#### [Source material]

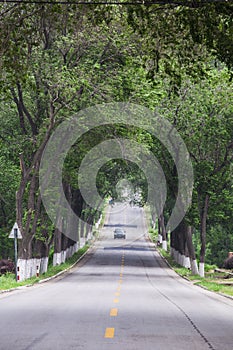 Boulevard, shandong rural roads in China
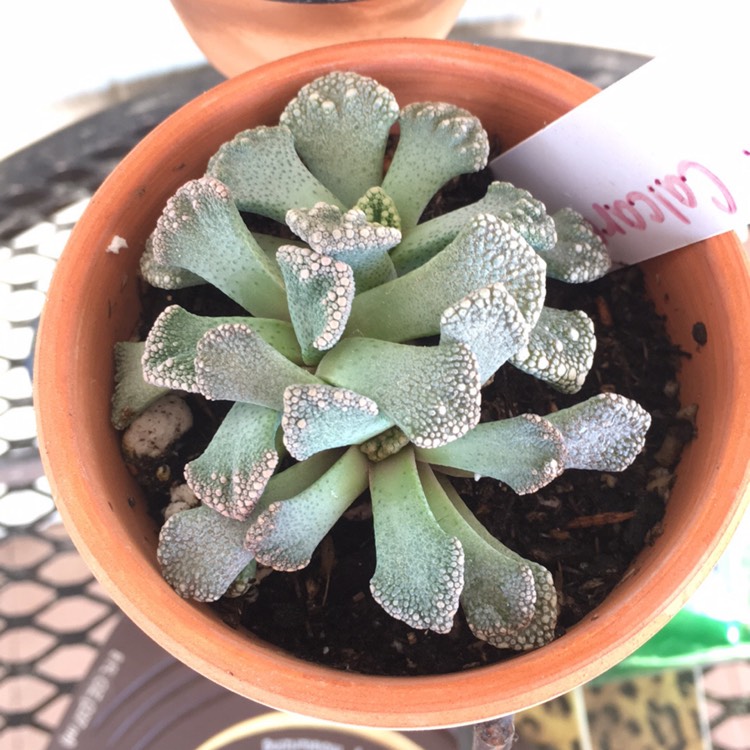 Plant image Titanopsis Calcarea (Living Jewel)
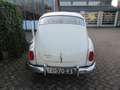 Volvo P544 Blanc - thumbnail 5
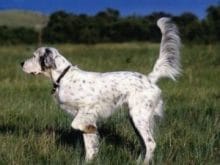 İngiliz Setter İngiliz Setter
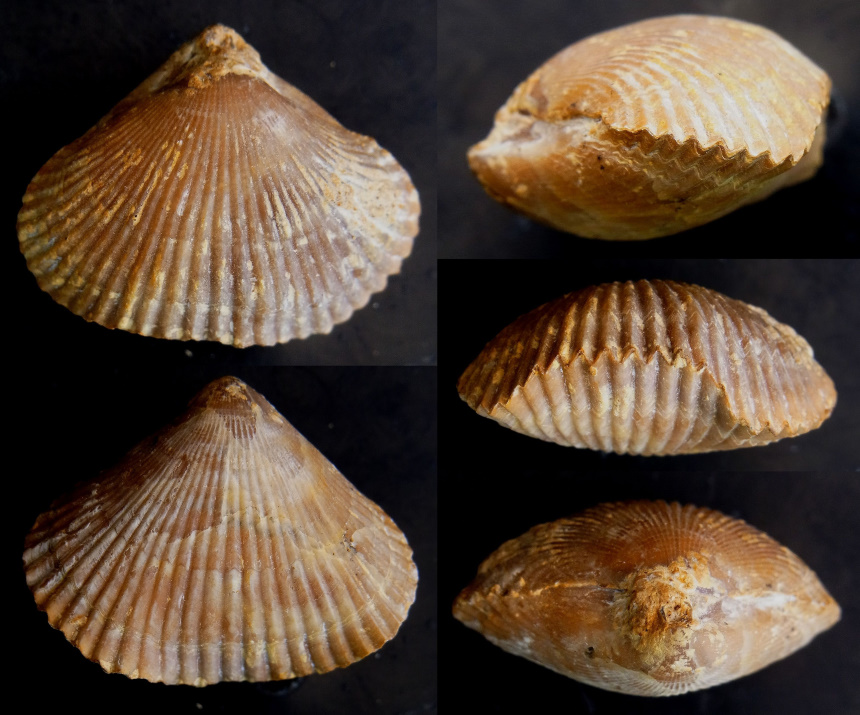 Brachiopode Cyclothyris difformis (VALENCIENNES in LAMARCK 1819)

#### [Your instructions]
Write the material out again exactly. Do not include the pictures.

#### [Task answer]
 Boulevard, shandong rural roads in China
 Plant image Titanopsis Calcarea (Living Jewel)
 Volvo P544 Blanc - thumbnail 5
 İngiliz Setter İngiliz Setter
 Brachiopode Cyclothyris difformis (VALENCIENNES in LAMARCK 1819)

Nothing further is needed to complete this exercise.